The "inescapable truths" one year on: what's changed?
Last year we launched our "Inescapable investment truths for the decade ahead". They comprised a number of economic forces and disruptive factors we thought would shape the investment landscape ahead of us, as well as a guide to how investors might respond.
Here, one year on, we provide a brief update in response to recent events, particularly the turn in global monetary policy.
The Inescapable truths describe an outlook for the world economy of subdued growth and low inflation against a backdrop of disruption from populist politics, technology and climate change. We predicted real interest rates to be low, and that investors would struggle to meet their goals from market beta alone as stock market index returns are likely to be held back by the macroeconomic backdrop.
An important feature of this outlook is that we expected the supportive tailwind from falling bond yields to fade. This would leave equity markets more dependent on earnings growth, rather than the positive effect of falling bond yields on valuations, for return. Consequently, investors will have to be more discerning in identifying pockets of growth and in navigating the impact of disruptive forces on traditional business models. We described this as a shift “from macro to micro”. One year on, we believe these views remain intact.
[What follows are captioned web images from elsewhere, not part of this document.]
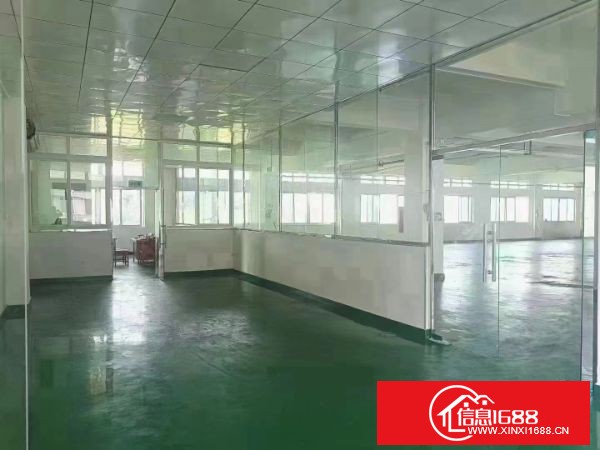 东莞长安上沙新空出楼上1800平方业主特价处理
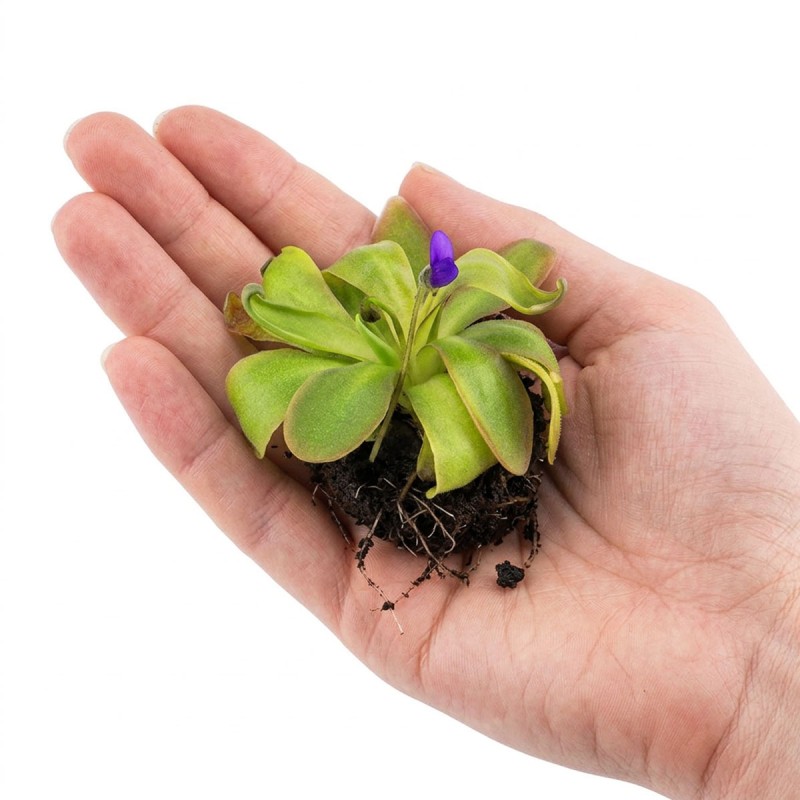 Pinguicula 'Red Starfish' - roślina owadożerna tłustosz do terrarium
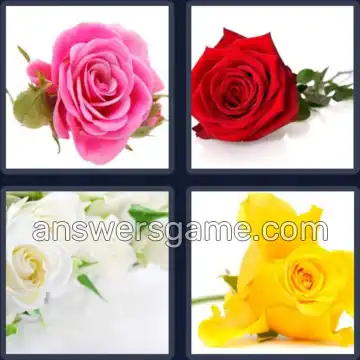4 Images 1 Mot 4 lettres ROSE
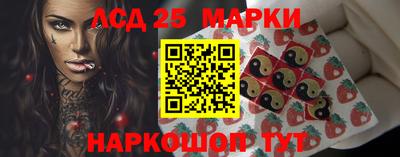гидропоника Тверь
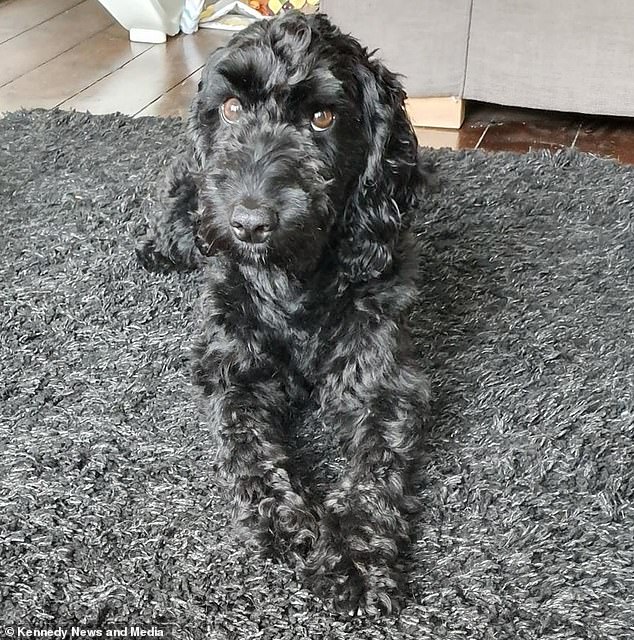 The poor pooch matches the luxurious rug so well that nurse Vicky and her family regularly lose track of him and accidentally trip over or step on him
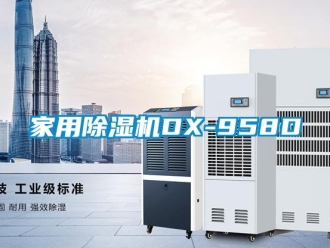 常見問題家用除濕機DX-958D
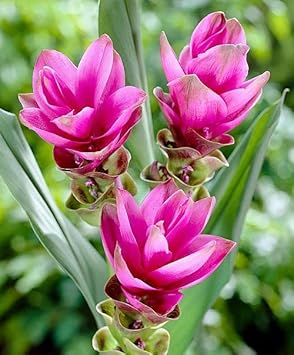 Curcuma Flower seeds for Planting - Perfect for Borders, Heirloom & GMO Free Seeds for Home Garden
 
 Sale seeds for home garden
The return of the macro tailwind?
The US Federal Reserve (Fed) pivoted on monetary policy in 2019 from tightening to easing and other central banks have followed suit. Interest rates have been cut and the Fed also announced the end of its programme of quantitative tightening (QT). Elsewhere, the European Central Bank (ECB) has cut rates and relaunched its asset purchase programme (QE), whilst rates have been cut in China. Even the Bank of England has moderated its hawkish tone and is considering a rate cut.
In response, bond yields have fallen sharply and equity markets have benefitted once more from the tailwind of re-rating. Within equity markets, the interest rate sensitive bond proxies have outperformed as investors have searched for yield. Once again macro factors have trumped micro in driving performance.
The return of the macro tailwind has certainly been a key feature of 2019 and could be seen as a challenge to our macro to micro thesis. But it is only part of the story of the past 12 months, as it omits the severe de-rating seen in the fourth quarter of 2018.
Essentially, we have had a weaker equity market over the past 12 months which has seen a severe de-rating (fall in price-earnings ratio) followed by a near equivalent re-rating. At the same time, earnings per share have remained roughly level (see the chart below).
On a one-year view global equity market performance is more in line with the spirit of the Inescapable truths than the calendar year figures would suggest.
Furthermore, we would argue that the headwinds we identified a year ago have underpinned the Fed’s decision to change tack. Underlying growth is simply not strong enough to withstand external shocks such as trade tensions without risking a dip into recession.
We see the dispute between the US and China as part of the geopolitical disruption investors will have to live with in the future and the Fed has had to respond. In this respect the pressure from populism on markets has increased. No doubt we will see more headlines in 2020 as the US presidential election race gets underway, with many Democrat party candidates shifting to the left to counter Trump with policies on regulation and tax. More immediately, the UK is likely to see an election fight between two populists – Boris Johnson and Jeremy Corbyn – before the end of the year.
Investors have also seen a noticeable increase in pressure from climate change. Widespread protest around the world has focused attention on government action (or lack of it) to mitigate the worst effects of global warming. The number of climate-related proposals at shareholder meetings has increased and will continue to rise as more investors adopt environmental guidelines.
Coming back to our macro to micro theme: the question remains as to whether central banks can continue to drive markets from here.
At the limit?
The loose policy stance will certainly remain for the time being. This will keep liquidity abundant. For example, there is scope for, and we expect, more rate cuts from the Fed. However, it is debatable as to how far this will go in pushing equity PE ratios higher given that the markets are already discounting significant further easing.
As for the ECB, the departed President Mario Draghi has made it clear that he has done all he can on monetary policy and that he would now expect governments to make greater use of fiscal policy to support growth. China has scope to cut rates further. However, in Japan, policy probably reached its limits some time ago as the Bank of Japan’s quantitative easing programme has already extended into areas such as equity and REITs, which have so far proved off limits to others.
There is of course a further step that central banks could take to boost activity. Modern Monetary Theory (MMT) argues that rather than printing money to buy financial assets, central banks should create money to directly fund public expenditure or tax cuts. Some have called this “People’s QE”, economists know it as a “helicopter drop”. Either way, it would inject cash directly into the economy and would undoubtedly boost activity, particularly inflation.
In this respect though MMT would drive bond yields higher (as inflation expectations soared) and hence would cause a de-rating rather than re-rating of stock markets. Central banks would be a headwind rather than tailwind for markets as bond yields rose and valuations fell. Within equity markets though there would be a major rotation from the bond proxies to the value and cyclical stocks.
From the perspective of the Inescapable truths one year on, this suggests that our original “from macro to micro” view still holds as monetary policy approaches its limits. However, the fact that policies such as MMT are even being discussed suggests that the disruption from politics has further to run as populists turn their ire on central banks.